Exercise input:
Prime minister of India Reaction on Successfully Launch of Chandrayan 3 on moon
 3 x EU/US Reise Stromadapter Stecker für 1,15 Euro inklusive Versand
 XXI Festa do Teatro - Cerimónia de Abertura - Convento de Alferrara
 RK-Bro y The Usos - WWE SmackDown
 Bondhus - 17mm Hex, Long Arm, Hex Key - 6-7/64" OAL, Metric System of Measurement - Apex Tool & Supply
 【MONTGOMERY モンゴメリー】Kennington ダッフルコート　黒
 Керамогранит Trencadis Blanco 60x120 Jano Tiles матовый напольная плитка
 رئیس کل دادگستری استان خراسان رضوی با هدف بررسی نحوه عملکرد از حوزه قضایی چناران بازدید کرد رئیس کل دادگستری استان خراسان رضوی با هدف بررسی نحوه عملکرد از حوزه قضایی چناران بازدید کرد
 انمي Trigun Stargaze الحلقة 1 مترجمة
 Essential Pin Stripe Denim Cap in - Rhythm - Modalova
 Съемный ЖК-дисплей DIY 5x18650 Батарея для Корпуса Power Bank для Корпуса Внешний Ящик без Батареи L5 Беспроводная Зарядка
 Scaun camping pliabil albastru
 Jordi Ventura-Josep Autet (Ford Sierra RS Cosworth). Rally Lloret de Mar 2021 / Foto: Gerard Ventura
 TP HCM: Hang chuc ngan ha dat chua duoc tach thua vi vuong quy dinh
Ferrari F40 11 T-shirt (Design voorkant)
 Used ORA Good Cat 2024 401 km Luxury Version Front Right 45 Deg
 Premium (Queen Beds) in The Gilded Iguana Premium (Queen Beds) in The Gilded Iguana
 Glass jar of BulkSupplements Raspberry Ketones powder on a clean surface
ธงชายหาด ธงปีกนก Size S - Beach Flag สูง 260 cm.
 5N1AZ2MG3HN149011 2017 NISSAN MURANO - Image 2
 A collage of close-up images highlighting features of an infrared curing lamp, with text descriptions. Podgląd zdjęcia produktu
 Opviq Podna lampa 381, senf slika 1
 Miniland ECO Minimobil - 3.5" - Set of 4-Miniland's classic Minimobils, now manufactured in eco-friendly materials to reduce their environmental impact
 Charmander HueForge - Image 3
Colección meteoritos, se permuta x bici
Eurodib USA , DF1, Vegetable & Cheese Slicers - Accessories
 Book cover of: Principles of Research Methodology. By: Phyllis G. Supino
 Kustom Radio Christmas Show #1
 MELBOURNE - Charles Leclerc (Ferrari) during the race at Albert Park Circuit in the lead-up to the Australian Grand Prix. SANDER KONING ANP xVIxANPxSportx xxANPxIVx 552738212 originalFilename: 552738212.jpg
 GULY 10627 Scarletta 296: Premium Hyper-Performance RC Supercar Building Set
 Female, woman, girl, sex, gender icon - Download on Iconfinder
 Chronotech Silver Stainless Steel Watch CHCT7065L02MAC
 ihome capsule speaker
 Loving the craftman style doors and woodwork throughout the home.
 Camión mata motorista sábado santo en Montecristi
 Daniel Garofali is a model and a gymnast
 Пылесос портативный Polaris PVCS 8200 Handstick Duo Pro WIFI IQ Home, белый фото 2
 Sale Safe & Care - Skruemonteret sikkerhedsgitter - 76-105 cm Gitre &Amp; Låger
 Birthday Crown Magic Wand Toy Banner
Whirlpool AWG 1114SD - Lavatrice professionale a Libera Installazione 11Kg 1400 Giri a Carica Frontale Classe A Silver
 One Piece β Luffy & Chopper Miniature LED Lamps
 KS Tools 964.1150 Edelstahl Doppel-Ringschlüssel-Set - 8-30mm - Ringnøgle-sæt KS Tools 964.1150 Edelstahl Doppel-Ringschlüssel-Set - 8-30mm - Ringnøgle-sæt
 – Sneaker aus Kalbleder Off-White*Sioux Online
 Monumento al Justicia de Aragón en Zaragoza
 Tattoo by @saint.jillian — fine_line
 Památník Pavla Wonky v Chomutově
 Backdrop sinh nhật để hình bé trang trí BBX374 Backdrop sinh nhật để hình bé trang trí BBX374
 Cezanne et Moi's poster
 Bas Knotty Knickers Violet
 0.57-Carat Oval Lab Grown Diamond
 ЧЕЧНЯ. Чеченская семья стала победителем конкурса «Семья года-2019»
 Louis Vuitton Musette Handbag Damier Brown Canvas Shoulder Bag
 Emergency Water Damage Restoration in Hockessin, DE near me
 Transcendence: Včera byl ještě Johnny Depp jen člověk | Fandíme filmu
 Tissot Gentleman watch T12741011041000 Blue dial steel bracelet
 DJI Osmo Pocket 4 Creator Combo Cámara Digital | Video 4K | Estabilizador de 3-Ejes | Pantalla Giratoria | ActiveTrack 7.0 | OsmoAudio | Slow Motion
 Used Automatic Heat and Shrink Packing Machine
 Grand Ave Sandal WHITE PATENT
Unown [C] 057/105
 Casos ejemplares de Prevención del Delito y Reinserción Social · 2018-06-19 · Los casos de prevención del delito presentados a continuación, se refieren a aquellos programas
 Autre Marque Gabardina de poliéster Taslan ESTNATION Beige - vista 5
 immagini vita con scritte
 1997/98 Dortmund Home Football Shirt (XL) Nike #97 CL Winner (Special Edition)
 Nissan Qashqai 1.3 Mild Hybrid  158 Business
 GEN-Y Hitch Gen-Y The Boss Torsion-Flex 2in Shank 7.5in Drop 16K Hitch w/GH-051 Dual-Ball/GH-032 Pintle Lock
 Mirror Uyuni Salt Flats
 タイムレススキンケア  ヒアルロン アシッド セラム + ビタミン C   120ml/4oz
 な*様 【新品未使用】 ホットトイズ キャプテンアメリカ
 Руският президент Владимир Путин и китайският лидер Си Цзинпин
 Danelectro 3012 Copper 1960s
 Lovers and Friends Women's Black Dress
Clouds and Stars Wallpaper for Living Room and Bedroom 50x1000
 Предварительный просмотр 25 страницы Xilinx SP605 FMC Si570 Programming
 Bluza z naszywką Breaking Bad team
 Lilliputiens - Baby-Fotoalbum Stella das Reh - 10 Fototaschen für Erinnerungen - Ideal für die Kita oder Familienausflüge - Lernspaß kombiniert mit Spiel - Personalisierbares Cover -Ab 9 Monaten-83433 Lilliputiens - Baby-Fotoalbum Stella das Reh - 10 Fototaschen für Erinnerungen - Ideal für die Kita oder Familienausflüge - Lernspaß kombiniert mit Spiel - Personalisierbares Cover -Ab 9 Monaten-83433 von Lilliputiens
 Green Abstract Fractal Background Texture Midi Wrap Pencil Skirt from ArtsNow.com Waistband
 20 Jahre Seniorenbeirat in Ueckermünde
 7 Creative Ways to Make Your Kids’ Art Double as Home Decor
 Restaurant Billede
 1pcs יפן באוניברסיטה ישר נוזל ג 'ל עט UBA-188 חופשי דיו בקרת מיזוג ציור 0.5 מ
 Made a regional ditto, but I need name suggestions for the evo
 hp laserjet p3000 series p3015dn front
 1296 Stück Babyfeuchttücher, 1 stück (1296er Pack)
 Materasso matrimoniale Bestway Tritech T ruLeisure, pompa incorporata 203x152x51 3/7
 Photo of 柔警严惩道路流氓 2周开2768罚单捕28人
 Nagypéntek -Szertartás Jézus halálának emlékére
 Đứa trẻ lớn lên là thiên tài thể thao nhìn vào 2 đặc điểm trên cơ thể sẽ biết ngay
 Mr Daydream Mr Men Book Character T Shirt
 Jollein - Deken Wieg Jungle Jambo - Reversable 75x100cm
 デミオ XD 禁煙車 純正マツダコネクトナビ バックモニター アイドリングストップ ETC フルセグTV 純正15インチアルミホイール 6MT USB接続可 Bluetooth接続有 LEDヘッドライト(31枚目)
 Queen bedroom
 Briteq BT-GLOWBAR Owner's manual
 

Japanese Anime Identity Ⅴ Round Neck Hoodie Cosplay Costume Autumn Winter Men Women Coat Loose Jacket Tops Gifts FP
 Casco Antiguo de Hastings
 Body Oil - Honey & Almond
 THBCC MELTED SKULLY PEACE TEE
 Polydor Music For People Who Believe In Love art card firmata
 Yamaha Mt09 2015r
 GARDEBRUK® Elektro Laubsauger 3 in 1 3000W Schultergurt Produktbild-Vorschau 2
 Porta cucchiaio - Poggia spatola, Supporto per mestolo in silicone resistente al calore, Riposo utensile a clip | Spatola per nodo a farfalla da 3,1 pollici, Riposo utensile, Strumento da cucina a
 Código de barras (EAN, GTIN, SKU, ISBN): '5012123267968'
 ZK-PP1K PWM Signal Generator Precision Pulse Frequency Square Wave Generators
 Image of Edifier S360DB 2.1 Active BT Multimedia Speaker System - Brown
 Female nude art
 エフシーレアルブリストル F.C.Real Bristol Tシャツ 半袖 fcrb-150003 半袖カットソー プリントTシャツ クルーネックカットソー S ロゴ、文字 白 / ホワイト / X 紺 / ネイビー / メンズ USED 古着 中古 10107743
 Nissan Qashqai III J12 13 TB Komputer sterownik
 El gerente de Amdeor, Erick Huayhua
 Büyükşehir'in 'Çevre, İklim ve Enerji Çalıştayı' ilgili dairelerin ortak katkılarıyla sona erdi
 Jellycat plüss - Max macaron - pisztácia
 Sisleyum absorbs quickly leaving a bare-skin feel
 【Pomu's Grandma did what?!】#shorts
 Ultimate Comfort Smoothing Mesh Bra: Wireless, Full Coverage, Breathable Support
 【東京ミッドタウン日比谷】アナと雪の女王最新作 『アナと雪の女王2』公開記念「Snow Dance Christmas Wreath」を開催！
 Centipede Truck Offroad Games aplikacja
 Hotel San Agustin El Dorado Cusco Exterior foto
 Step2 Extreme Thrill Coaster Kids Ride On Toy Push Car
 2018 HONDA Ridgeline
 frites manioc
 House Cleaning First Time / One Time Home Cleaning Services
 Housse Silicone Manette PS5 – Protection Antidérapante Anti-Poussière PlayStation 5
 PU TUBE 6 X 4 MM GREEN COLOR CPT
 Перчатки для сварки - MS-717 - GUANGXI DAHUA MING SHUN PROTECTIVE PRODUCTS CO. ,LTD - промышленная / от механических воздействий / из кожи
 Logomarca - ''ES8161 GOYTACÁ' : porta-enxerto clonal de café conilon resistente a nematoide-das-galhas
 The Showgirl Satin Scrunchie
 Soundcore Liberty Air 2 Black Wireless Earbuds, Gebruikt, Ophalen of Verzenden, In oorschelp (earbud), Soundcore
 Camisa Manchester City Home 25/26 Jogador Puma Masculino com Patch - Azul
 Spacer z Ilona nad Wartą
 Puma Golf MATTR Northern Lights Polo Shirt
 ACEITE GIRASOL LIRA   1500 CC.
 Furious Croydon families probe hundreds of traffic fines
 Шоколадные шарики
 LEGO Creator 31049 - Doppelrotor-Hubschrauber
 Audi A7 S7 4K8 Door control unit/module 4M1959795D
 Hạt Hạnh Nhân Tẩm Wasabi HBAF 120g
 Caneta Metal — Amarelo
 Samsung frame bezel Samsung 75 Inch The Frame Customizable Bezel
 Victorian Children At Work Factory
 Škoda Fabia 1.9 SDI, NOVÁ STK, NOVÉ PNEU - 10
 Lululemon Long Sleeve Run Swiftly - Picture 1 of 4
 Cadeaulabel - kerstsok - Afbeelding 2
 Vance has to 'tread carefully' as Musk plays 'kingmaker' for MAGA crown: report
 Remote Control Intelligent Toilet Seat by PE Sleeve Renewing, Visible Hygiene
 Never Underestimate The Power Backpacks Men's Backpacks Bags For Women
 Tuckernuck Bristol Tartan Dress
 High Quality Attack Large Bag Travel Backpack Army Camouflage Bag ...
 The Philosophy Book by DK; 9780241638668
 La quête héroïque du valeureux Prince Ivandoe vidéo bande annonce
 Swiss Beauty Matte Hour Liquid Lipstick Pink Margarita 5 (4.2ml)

Exercise: Could you repeat exactly the lines in the listing above from the one with "Photo of 柔警严惩道路流氓 2周开2768罚单捕28人" down to the one with "PU TUBE 6 X 4 MM GREEN COLOR CPT"? Include both of those lines.

Task response:
 Photo of 柔警严惩道路流氓 2周开2768罚单捕28人
 Nagypéntek -Szertartás Jézus halálának emlékére
 Đứa trẻ lớn lên là thiên tài thể thao nhìn vào 2 đặc điểm trên cơ thể sẽ biết ngay
 Mr Daydream Mr Men Book Character T Shirt
 Jollein - Deken Wieg Jungle Jambo - Reversable 75x100cm
 デミオ XD 禁煙車 純正マツダコネクトナビ バックモニター アイドリングストップ ETC フルセグTV 純正15インチアルミホイール 6MT USB接続可 Bluetooth接続有 LEDヘッドライト(31枚目)
 Queen bedroom
 Briteq BT-GLOWBAR Owner's manual
 

Japanese Anime Identity Ⅴ Round Neck Hoodie Cosplay Costume Autumn Winter Men Women Coat Loose Jacket Tops Gifts FP
 Casco Antiguo de Hastings
 Body Oil - Honey & Almond
 THBCC MELTED SKULLY PEACE TEE
 Polydor Music For People Who Believe In Love art card firmata
 Yamaha Mt09 2015r
 GARDEBRUK® Elektro Laubsauger 3 in 1 3000W Schultergurt Produktbild-Vorschau 2
 Porta cucchiaio - Poggia spatola, Supporto per mestolo in silicone resistente al calore, Riposo utensile a clip | Spatola per nodo a farfalla da 3,1 pollici, Riposo utensile, Strumento da cucina a
 Código de barras (EAN, GTIN, SKU, ISBN): '5012123267968'
 ZK-PP1K PWM Signal Generator Precision Pulse Frequency Square Wave Generators
 Image of Edifier S360DB 2.1 Active BT Multimedia Speaker System - Brown
 Female nude art
 エフシーレアルブリストル F.C.Real Bristol Tシャツ 半袖 fcrb-150003 半袖カットソー プリントTシャツ クルーネックカットソー S ロゴ、文字 白 / ホワイト / X 紺 / ネイビー / メンズ USED 古着 中古 10107743
 Nissan Qashqai III J12 13 TB Komputer sterownik
 El gerente de Amdeor, Erick Huayhua
 Büyükşehir'in 'Çevre, İklim ve Enerji Çalıştayı' ilgili dairelerin ortak katkılarıyla sona erdi
 Jellycat plüss - Max macaron - pisztácia
 Sisleyum absorbs quickly leaving a bare-skin feel
 【Pomu's Grandma did what?!】#shorts
 Ultimate Comfort Smoothing Mesh Bra: Wireless, Full Coverage, Breathable Support
 【東京ミッドタウン日比谷】アナと雪の女王最新作 『アナと雪の女王2』公開記念「Snow Dance Christmas Wreath」を開催！
 Centipede Truck Offroad Games aplikacja
 Hotel San Agustin El Dorado Cusco Exterior foto
 Step2 Extreme Thrill Coaster Kids Ride On Toy Push Car
 2018 HONDA Ridgeline
 frites manioc
 House Cleaning First Time / One Time Home Cleaning Services
 Housse Silicone Manette PS5 – Protection Antidérapante Anti-Poussière PlayStation 5
 PU TUBE 6 X 4 MM GREEN COLOR CPT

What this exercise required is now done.